= Instructions to follow =
Give back every record word for word, but keep the pictures out.

◇ ◇ ◇ ◇ ◇

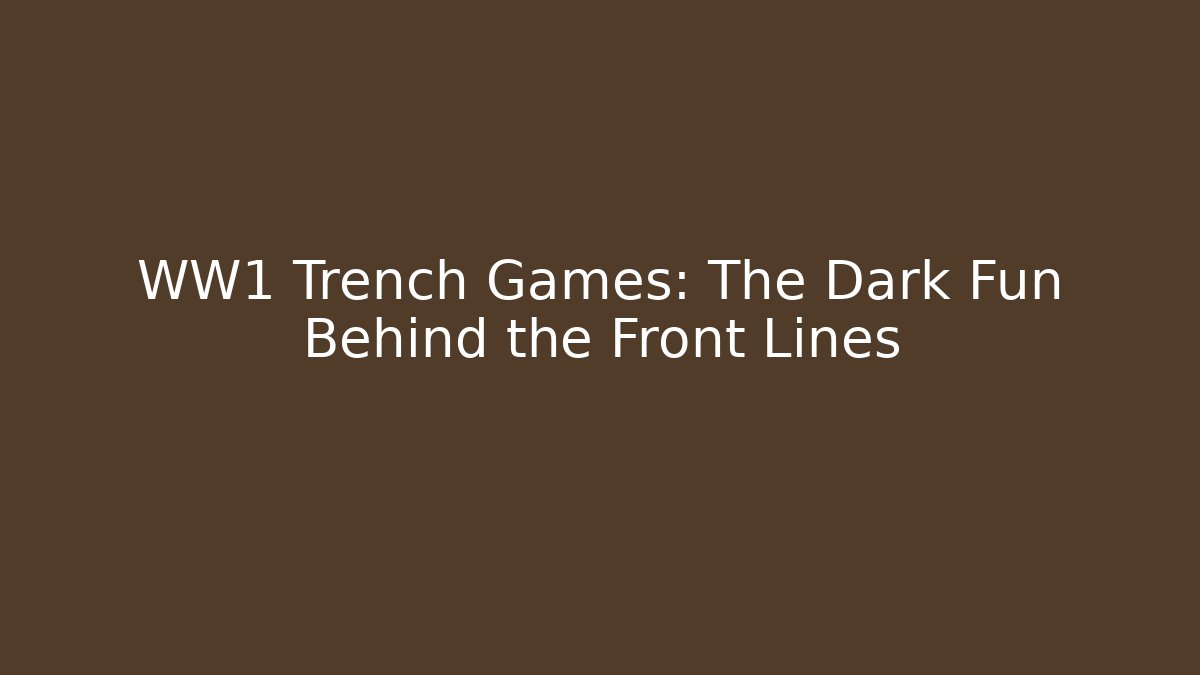 WW1 Trench Games: The Dark Fun Behind the Front Lines
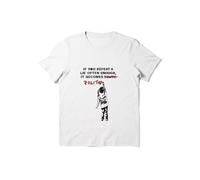 ADX33GVBNU If You Repeat A Lie Often Enough It Becomes Politics T-Shirt White S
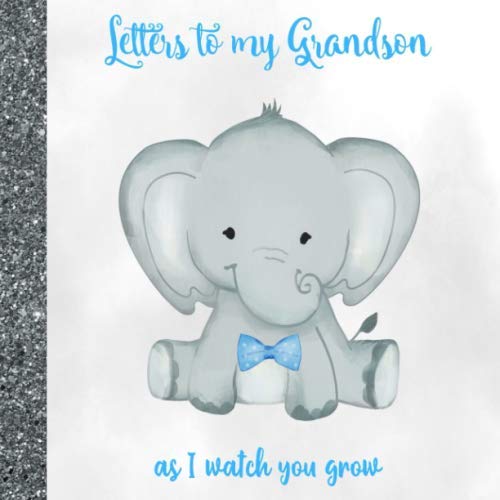 Letters to my Grandson: Elephant Boy Keepsake Journal Memory Book | Christmas & Birthday Unique Thoughtful Grandchild Gifts from Grandma & Grandpa (Grandparents)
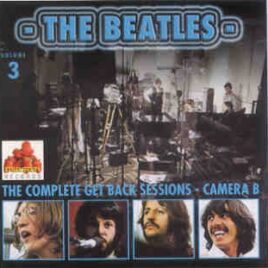 The Beatles - Complete Get Back Sessions Camera B vol. 3  ( 2 CD SET ) ( Strawberry ) front cover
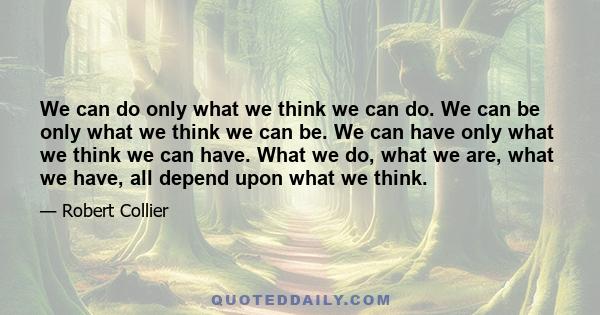 We can do only what we think we can do. We can be only what we think we can be. We can have only what we think we can have. What we do, what we are, what we have, all depend upon what we think.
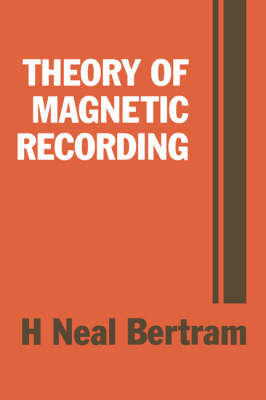 Theory of Magnetic Recording - H. Neal Bertram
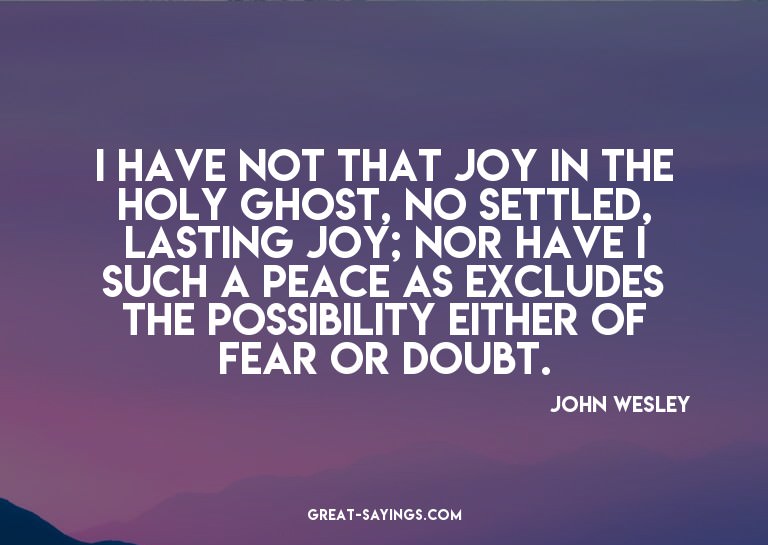 I have not that joy in the Holy Ghost, no settled, last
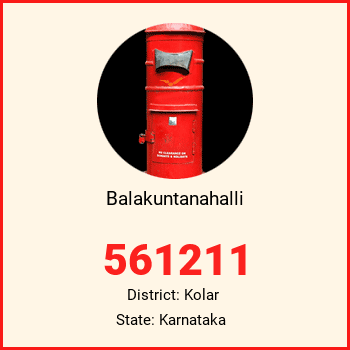 Balakuntanahalli pin code, district Kolar in Karnataka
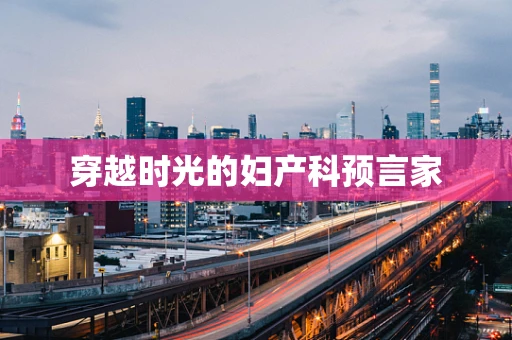 穿越时光的妇产科预言家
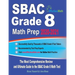 SBAC Grade 8 Math Prep 2020-2021: The Most Comprehensive Review and Ultimate Guide to the SBAC Grade 8 Math Test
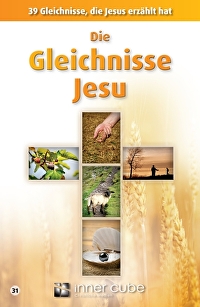 Die Gleichnisse Jesu - 39 Gleichnisse, die Jesus erzählt hat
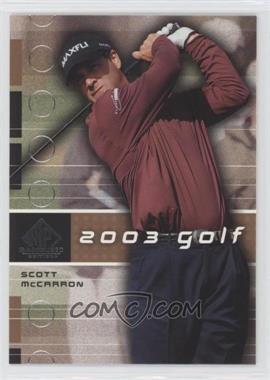 2003 SP Game Used Edition - [Base] #12 - Scott McCarron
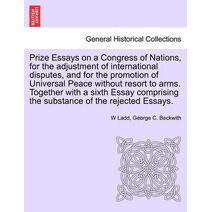 Prize Essays on a Congress of Nations, for the adjustment of international disputes, and for the promotion of Universal Peace without resort to arms. Together with a sixth Essay comprising t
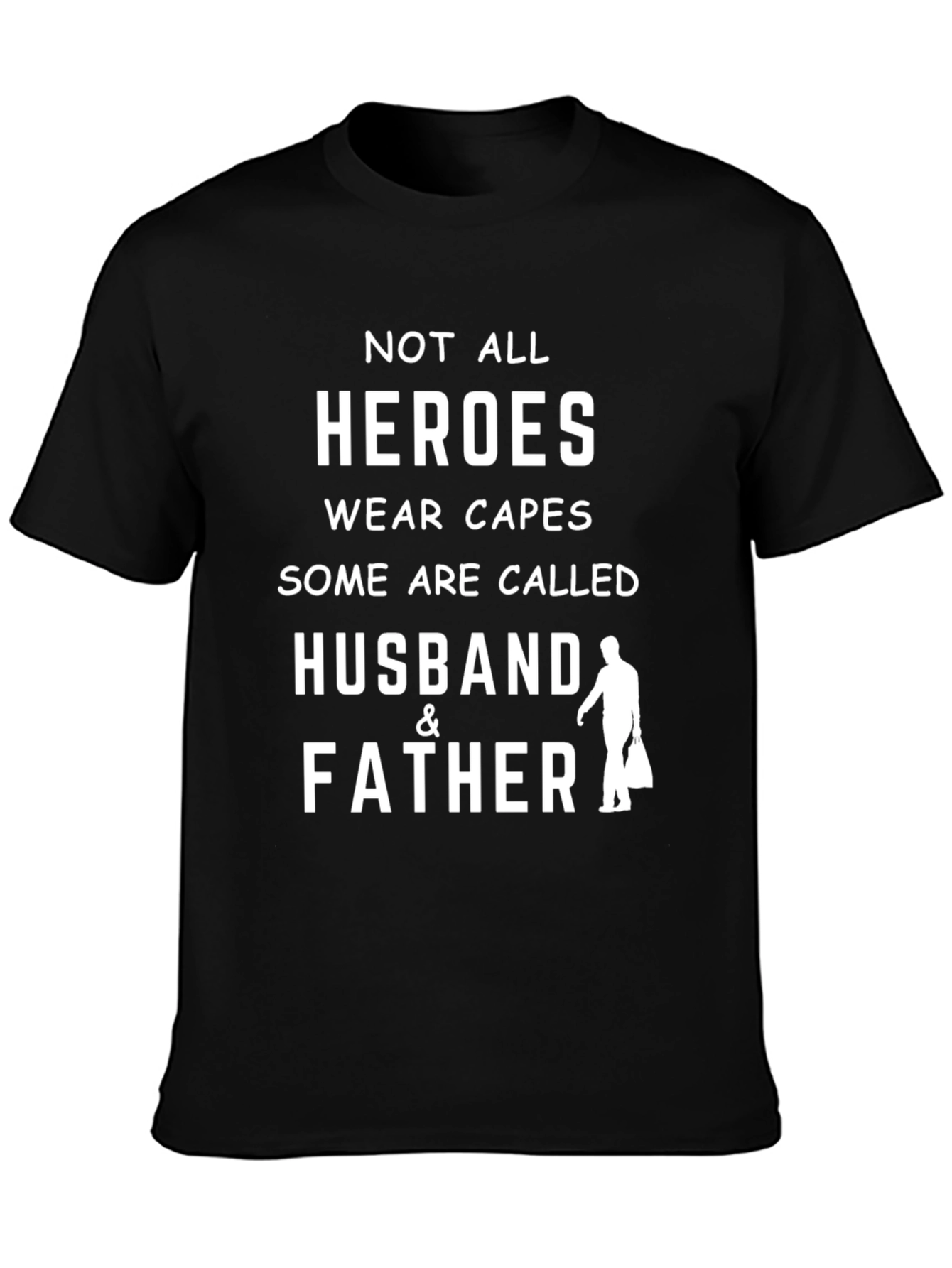 Husband & Father Hero Graphic Tee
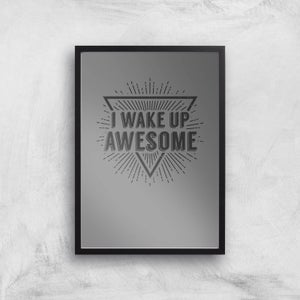 I Wake Up Awesome Art Print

◇ ◇ ◇ ◇ ◇

= Response to this exercise =
 WW1 Trench Games: The Dark Fun Behind the Front Lines
 ADX33GVBNU If You Repeat A Lie Often Enough It Becomes Politics T-Shirt White S
 Letters to my Grandson: Elephant Boy Keepsake Journal Memory Book | Christmas & Birthday Unique Thoughtful Grandchild Gifts from Grandma & Grandpa (Grandparents)
 The Beatles - Complete Get Back Sessions Camera B vol. 3  ( 2 CD SET ) ( Strawberry ) front cover
 We can do only what we think we can do. We can be only what we think we can be. We can have only what we think we can have. What we do, what we are, what we have, all depend upon what we think.
 Theory of Magnetic Recording - H. Neal Bertram
 I have not that joy in the Holy Ghost, no settled, last
 Balakuntanahalli pin code, district Kolar in Karnataka
 穿越时光的妇产科预言家
 SBAC Grade 8 Math Prep 2020-2021: The Most Comprehensive Review and Ultimate Guide to the SBAC Grade 8 Math Test
 Die Gleichnisse Jesu - 39 Gleichnisse, die Jesus erzählt hat
 2003 SP Game Used Edition - [Base] #12 - Scott McCarron
 Prize Essays on a Congress of Nations, for the adjustment of international disputes, and for the promotion of Universal Peace without resort to arms. Together with a sixth Essay comprising t
 Husband & Father Hero Graphic Tee
 I Wake Up Awesome Art Print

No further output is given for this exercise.